Albany County lifts fire restrictions, warns conditions can change quickly
Burn piles and fireworks are back on the table in unincorporated Albany County, but officials said the pause can end fast if wind and dryness return.
A burn pile and a box of fireworks can come back out in unincorporated Albany County, but only for as long as weather and fuel conditions stay manageable. County officials said on May 22 that fire restrictions were temporarily lifted, allowing open burning and fireworks again, while warning that restrictions can be reimposed at any time if conditions worsen.
The county’s fire restriction resolution, No. 2026-001, began March 25 and was scheduled to remain in effect through Nov. 1 unless the County Fire Warden temporarily lifted or restored it. The original order covered the unincorporated area of Albany County, Wyoming, and barred open fires and fireworks after officials said a potentially severe to extreme fire situation existed because of heavy fuel loads and dry conditions that could overwhelm local firefighting capability.

That caution still matters.

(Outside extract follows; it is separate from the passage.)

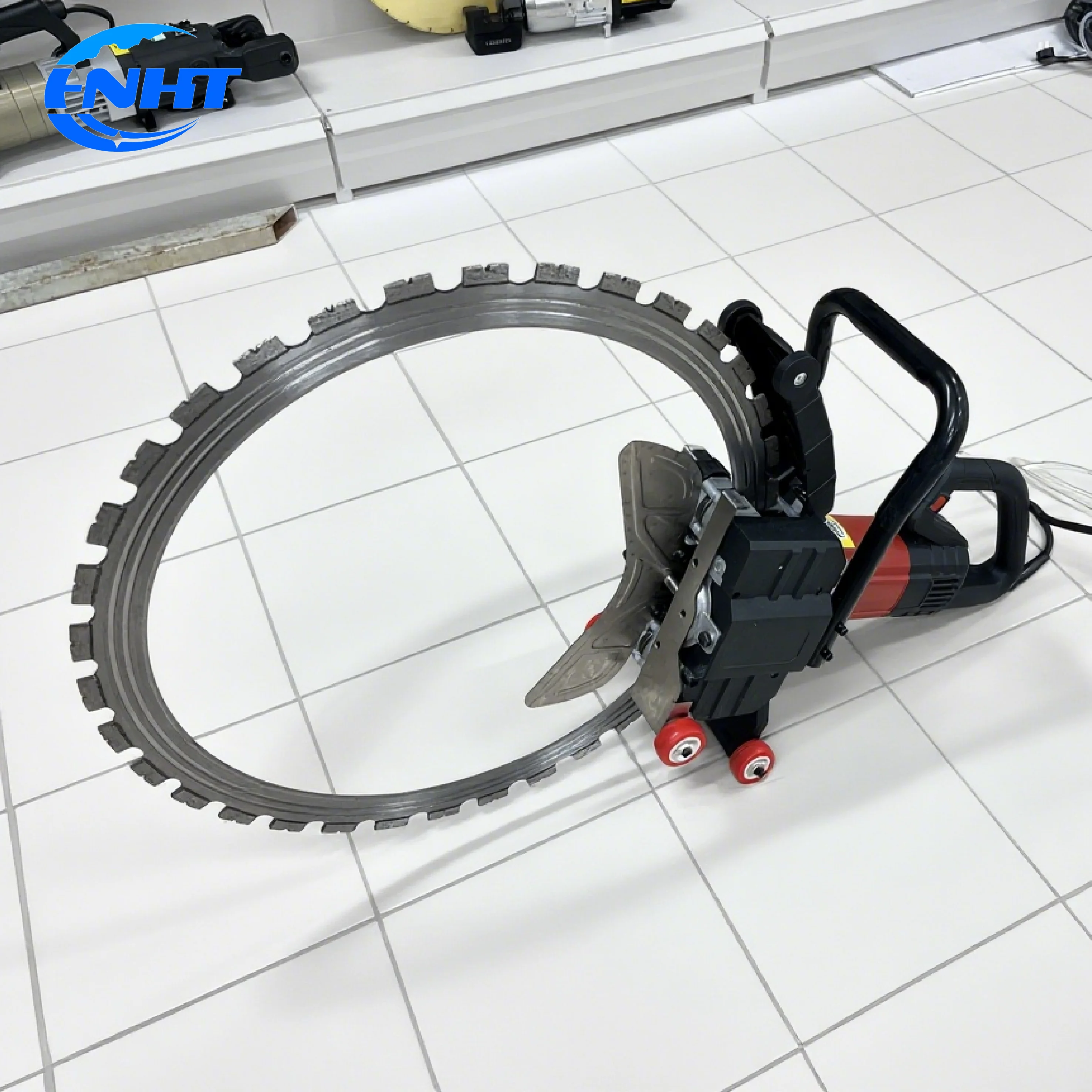 Portable Handheld Electric Concrete Cutting Machine 8900W High Efficiency Safe Reliable Durable Ring Saw 30-50cm Depth 410-600mm
Portable Handheld Electric Concrete Cutting Machine 8900W High Efficiency Safe Reliable Durable Ring Saw 30-50cm Depth 410-600mm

Albany County said residents should contact Laramie Dispatch at 307-721-2526 before conducting any burning operation, and the county’s open-burning guidance says to notify dispatch or another local area center before lighting a fire. The county’s fire-warden system exists to save lives and protect property through prevention, preparedness, education and response, which is why the lift is being treated as a managed adjustment rather than a declaration that fire season is over.
Violations of the restriction could carry state-law penalties, including jail time and fines. The county has used temporary fire restrictions before, including in 2024 and 2025, and Wyoming’s fire-restriction system gives county fire wardens the authority to recommend, lift or restore restrictions under state rules.
For residents, the practical change is immediate: yard cleanup burns and some fireworks are allowed again for now. The risk is also immediate, because the same wind and dryness that pushed Albany County into restrictions in March can return quickly. County officials said conditions will be evaluated constantly, and the ban can snap back into place if hot, dry or windy weather raises the danger again.